Das ist eine sehr gute Frage, AsiaHarry! Mir ist das auch schon aufgefallen!
Über das Thema habe ich mich schon vor 15 Jahren mit einer gelernten Schneiderin ausgetauscht. Ihre These lautete:
Die Entwicklung der Herrenmode lief über die Jahrhunderte völlig anders als die Entwicklung der Damenmode.
Bis in den Absolutismus hinein galt bei Männlein wie Weiblein der Grundsatz: "Zeige mir deine Kleider, und ich sage Dir wer du bist". Das heißt: Die Kleidung regelte sich mit mehr durch den sozialen Status als durch das Geschlecht. Der Extremfall sind vielleicht die alten Griechen und Römer: Die tägliche Bekleidung der Menschen war in erster Linie, nach heutigen Maßstäben, ein helles Kleid, bei Frauen länger und bei Männern kürzer. Natürlich gab es auch im Mittelalter kolossale Unterschiede zwischen Männer- und Frauenkleidung, aber diese waren subjektiv noch geringer als die standesbedingten Unterschiede.
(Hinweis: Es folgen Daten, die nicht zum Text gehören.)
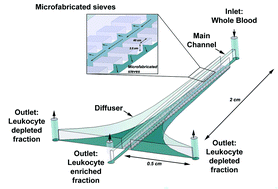 Graphical abstract: Microfluidic diffusive filter for apheresis (leukapheresis)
Der Quantensprung in der Modegeschichte, der dann alles veränderte, war wahrscheinlich die Französische Revolution. Denn die führte dazu, dass die allgemeine Wehrpflicht für Männer eingeführt wurde. Das hieß, dass alle Männer im wehrfähigen Alter automatisch vom Staat eine schlichte Militäruniform erhielten. Da man seinerzeit auf die Zugehörigkeit im Militär stolz war, orientierte sich fortan die Herrenbekleidung an der Militäruniform. Die Damenmode hat die damit vollzogene Funktionalisierung der Kleidung erst 150 Jahre später vollzogen - ausgehend von der revolutionären Modeschöpferin Coco Chanel, die praktisch das heutige Business-Kostüm entwicklelt hat. Von da aus war es zur kollektiven weiblichen Verhosung in der 2. Hälfte des 20. Jahrhunderts nur noch ein relativ kleiner Schritt.
Was hat das nun mit der Fragestellung zu tun? Ganz einfach, wir brauchen uns nur die wenigen Berufsgruppen ansehen, die in der sog. westlichen Kultur beharrlich "einröhrig" tragen. Dies sind im Prinzip einerseits Richter, Anwälte und Staatsanwälte vor Gericht und andererseits Geistliche. Bei diesen beiden Gruppen ist die optische Militarisierung komplett vorüber gegangen, weil das Militär zur Machtausübung für sie keine Rolle spielt. Der Geistliche wird das Militär vielleicht sogar ablehnen und verzichtet auf diese Form von Macht eher. Die "Macht" geht aber nach wie vor vom Militär aus, und kein Militarist der Welt trägt "einröhrig". Selbst Frauen in der Armee (in Israel gilt die Wehrpflicht zum Beispiel auch für Frauen) zeigen sich im Kampfanzug. Ich habe noch nicht einmal etwas vón einer weiblichen Galauniform mit Rock gehört.
Ein besonders schlagendes Beispiel für die kleidungsmäßige Entwicklung der letzten Jahrhunderte findet sich im Dresscode der norwegischen Königsfamilie. Am norwegischen Hof ist nämlich schon vor langer Zeit die Krönungszeremonie und damit auch die Königskrone abgeschafft worden. Damit entfällt auch ein üppiges Krönungsornat, wie es zum beispiel der letzte britische oder auch schwedische König bei seiner Krönung noch trug. Im Prinzip sieht der norwegische König an jedem Tag so aus als ob er ein Präsident einer Republik oder ein Vorstandsvorsitzender eines Unternehmens wäre. Dementgegen trägt seine Frau ebenso wie auch die Prinzessinnen zu hohen Anlässen nach wie vor Abendgarderobe einschließlich Diadem, welches, wie in jeder anderen Monarchie noch an die Krone einer Königin erinnert. Auch in Norwegen erinnert die Königin äußerlich noch ein Stück an vergangene Zeiten - der König hingegen nicht.
Wenn wir also "Macht" und "Stärke" mit "Einröhrig" in Verbindung bringen wollten, dann müsste es uns folglich gelingen, den Militarismus zurück zu drängen.